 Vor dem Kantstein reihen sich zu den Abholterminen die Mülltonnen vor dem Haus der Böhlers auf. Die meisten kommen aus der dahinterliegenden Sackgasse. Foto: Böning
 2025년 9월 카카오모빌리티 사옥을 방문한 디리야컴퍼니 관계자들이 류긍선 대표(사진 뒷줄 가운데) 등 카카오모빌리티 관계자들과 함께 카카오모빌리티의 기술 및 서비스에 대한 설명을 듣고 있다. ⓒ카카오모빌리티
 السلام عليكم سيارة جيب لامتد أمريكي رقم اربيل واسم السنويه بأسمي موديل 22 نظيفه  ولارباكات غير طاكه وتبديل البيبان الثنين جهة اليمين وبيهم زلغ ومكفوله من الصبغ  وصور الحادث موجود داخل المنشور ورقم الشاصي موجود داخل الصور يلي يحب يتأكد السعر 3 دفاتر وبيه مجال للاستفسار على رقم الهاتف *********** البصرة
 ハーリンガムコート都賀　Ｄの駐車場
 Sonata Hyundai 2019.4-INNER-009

---

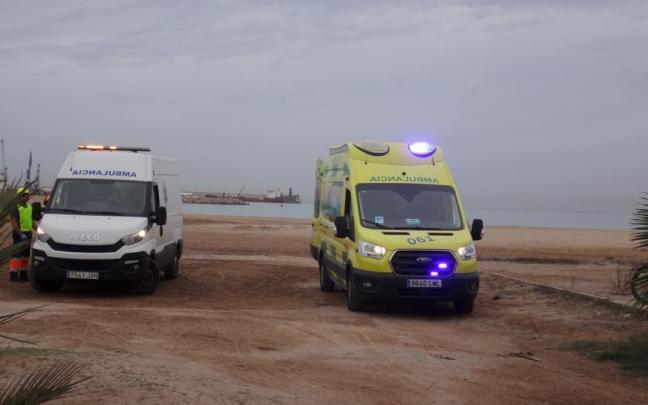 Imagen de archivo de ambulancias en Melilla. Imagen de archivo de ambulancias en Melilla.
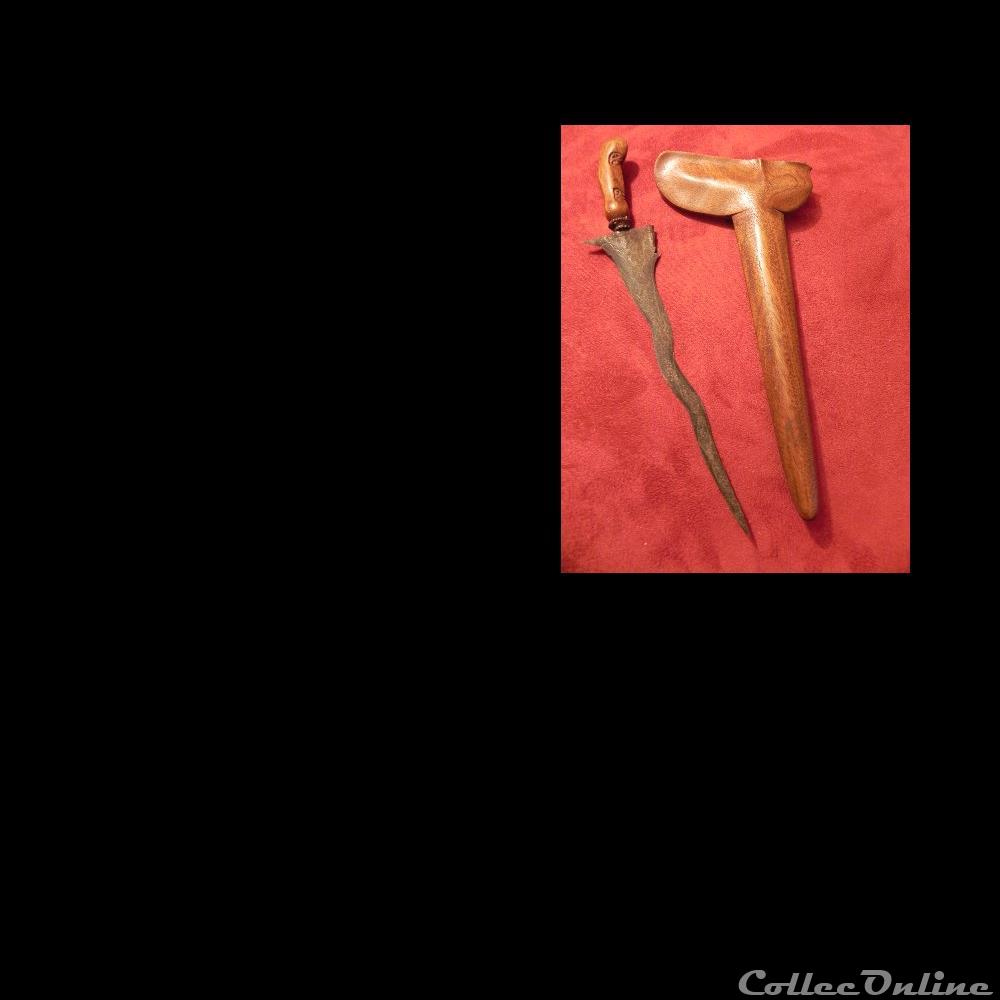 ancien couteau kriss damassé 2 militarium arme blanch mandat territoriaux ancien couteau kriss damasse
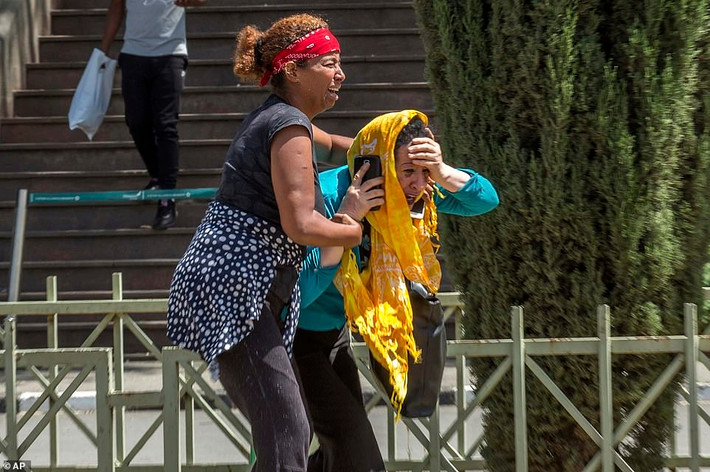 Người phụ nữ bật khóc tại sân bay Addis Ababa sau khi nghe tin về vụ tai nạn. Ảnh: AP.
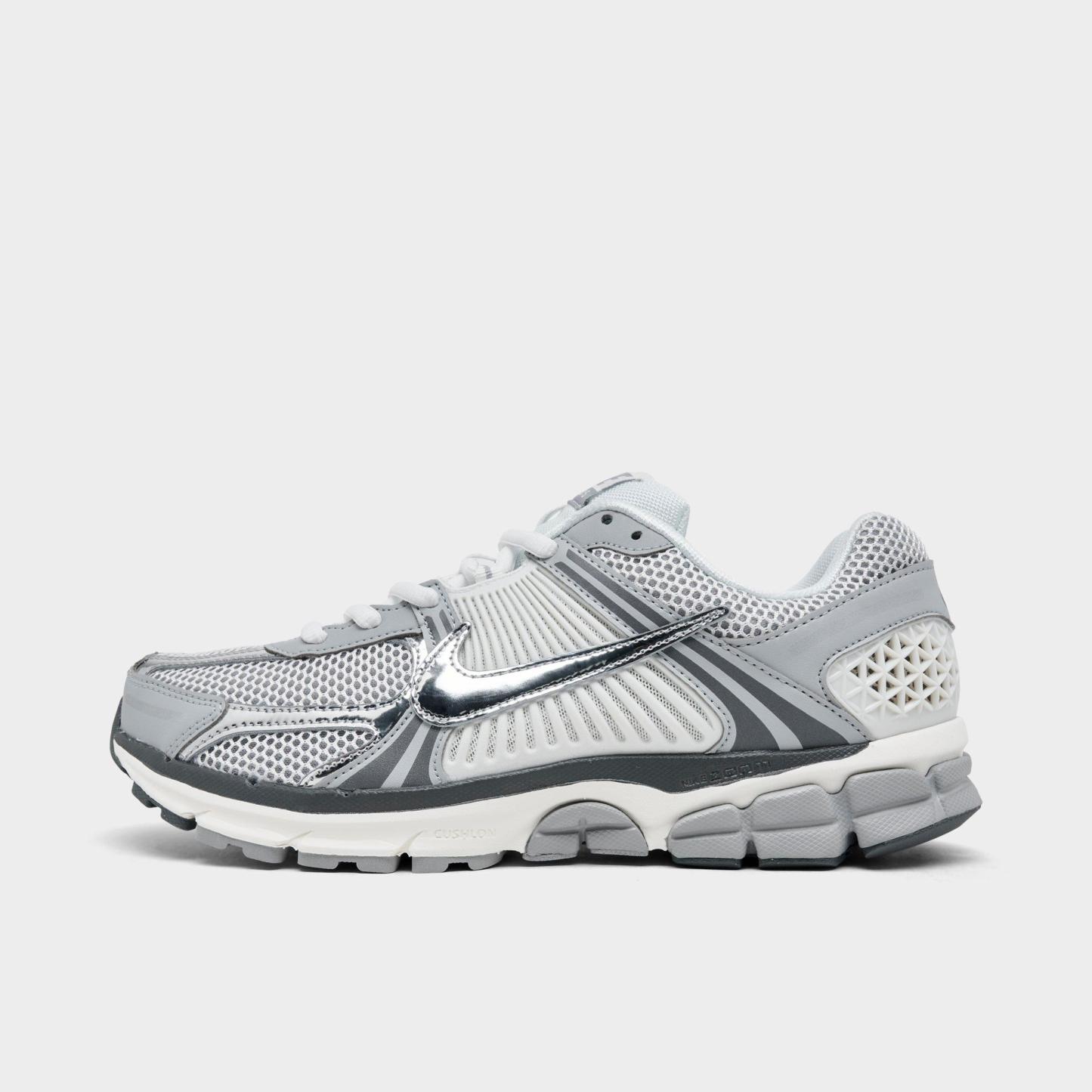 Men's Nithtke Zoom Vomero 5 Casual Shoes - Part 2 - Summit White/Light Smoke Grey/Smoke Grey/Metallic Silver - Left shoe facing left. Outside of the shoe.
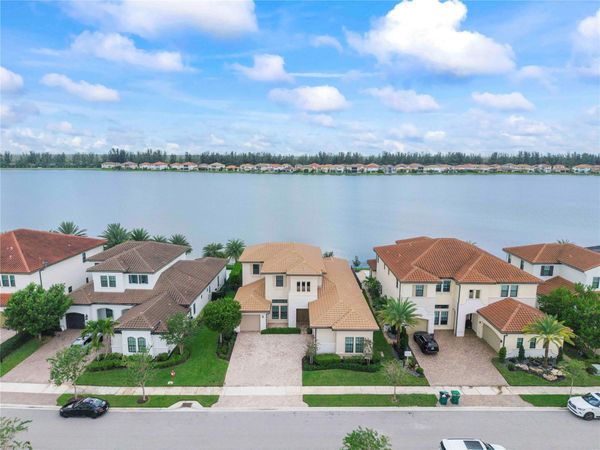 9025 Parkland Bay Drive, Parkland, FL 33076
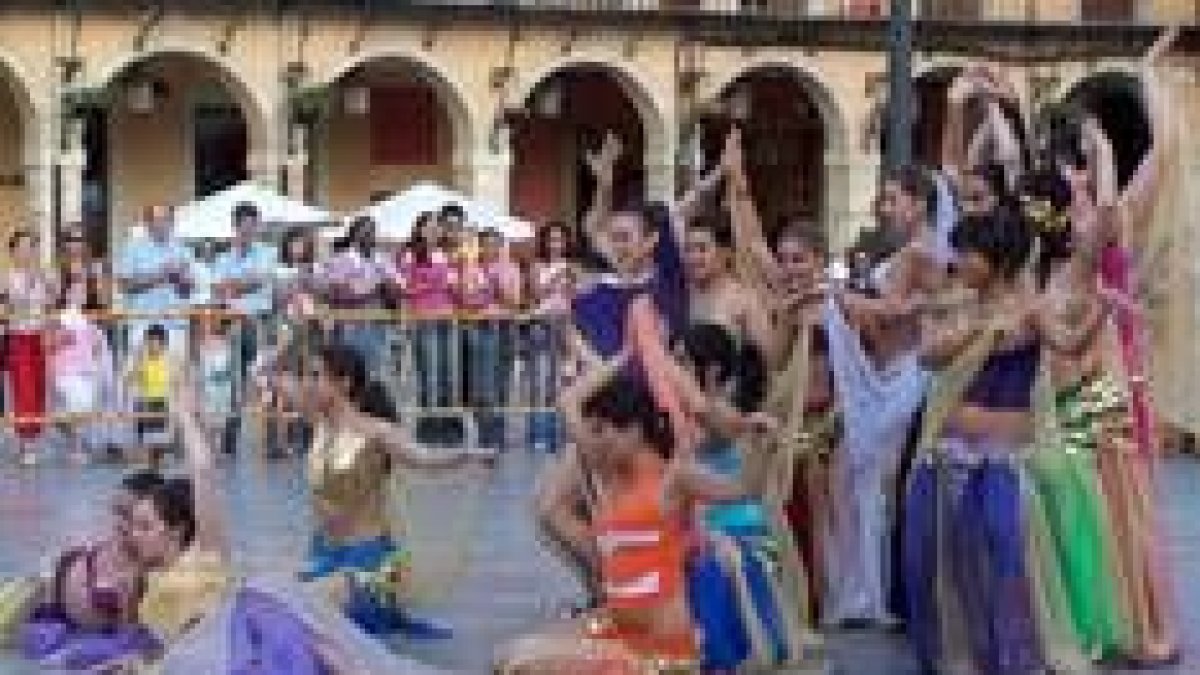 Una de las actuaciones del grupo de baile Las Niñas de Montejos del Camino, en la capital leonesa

==

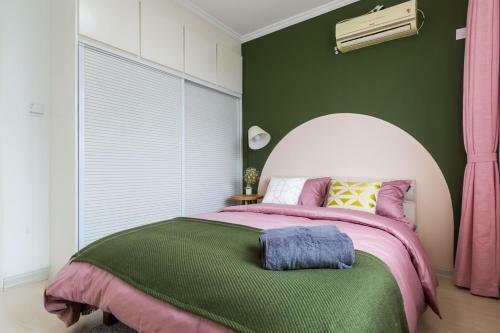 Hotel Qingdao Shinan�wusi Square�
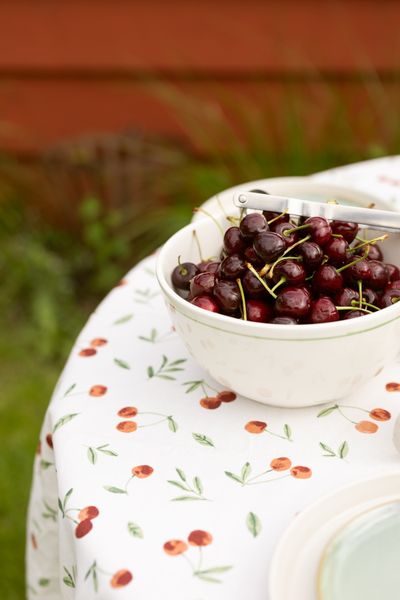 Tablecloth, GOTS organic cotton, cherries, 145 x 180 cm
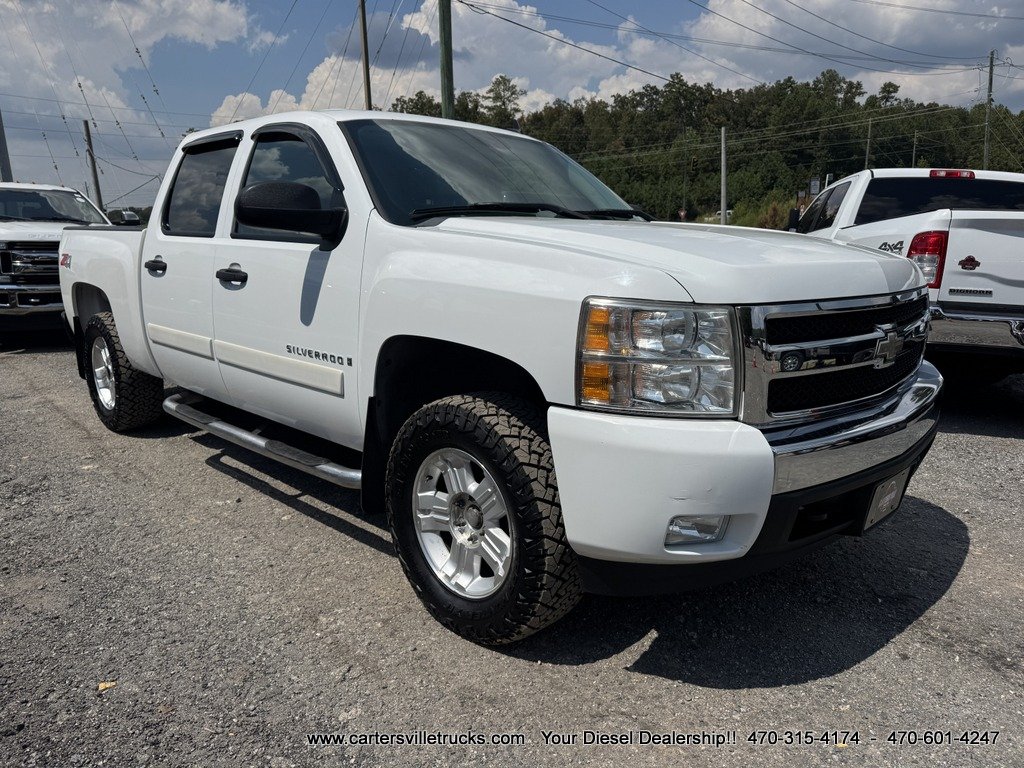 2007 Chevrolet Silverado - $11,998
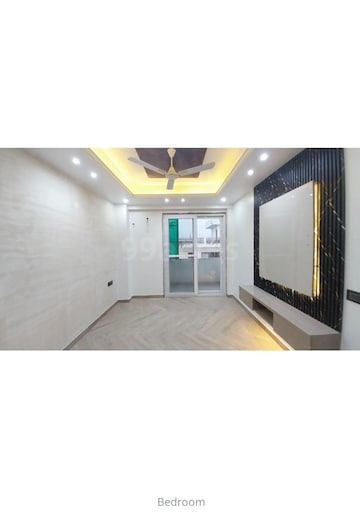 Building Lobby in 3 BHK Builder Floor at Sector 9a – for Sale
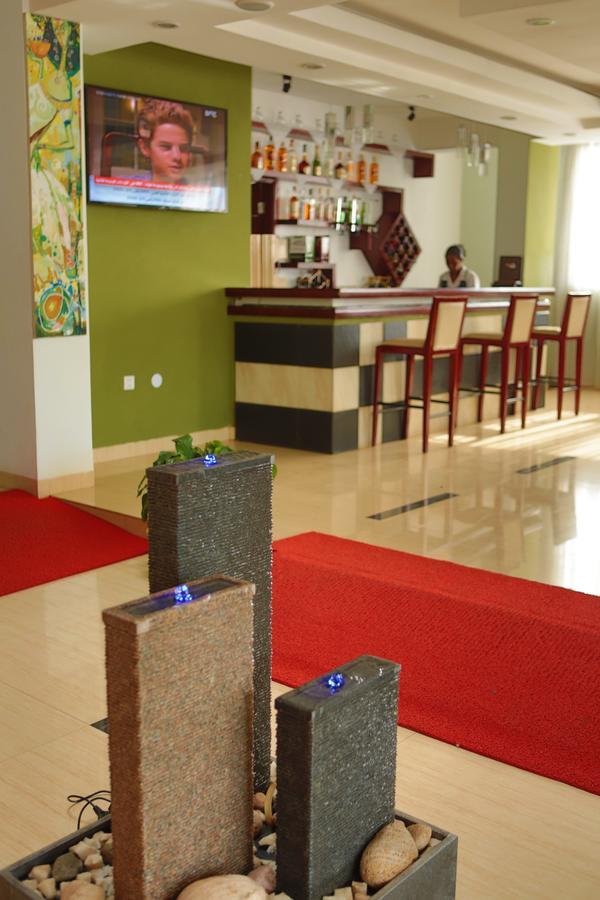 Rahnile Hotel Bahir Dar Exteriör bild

§ Task statement
Among the entries above, the line containing "Vor dem Kantstein", the line containing "2025년 9월 카카오모빌리티", and all lines between them are to be restated word for word; nothing else belongs in the reply.

§ Solution to this exercise
 Vor dem Kantstein reihen sich zu den Abholterminen die Mülltonnen vor dem Haus der Böhlers auf. Die meisten kommen aus der dahinterliegenden Sackgasse. Foto: Böning
 2025년 9월 카카오모빌리티 사옥을 방문한 디리야컴퍼니 관계자들이 류긍선 대표(사진 뒷줄 가운데) 등 카카오모빌리티 관계자들과 함께 카카오모빌리티의 기술 및 서비스에 대한 설명을 듣고 있다. ⓒ카카오모빌리티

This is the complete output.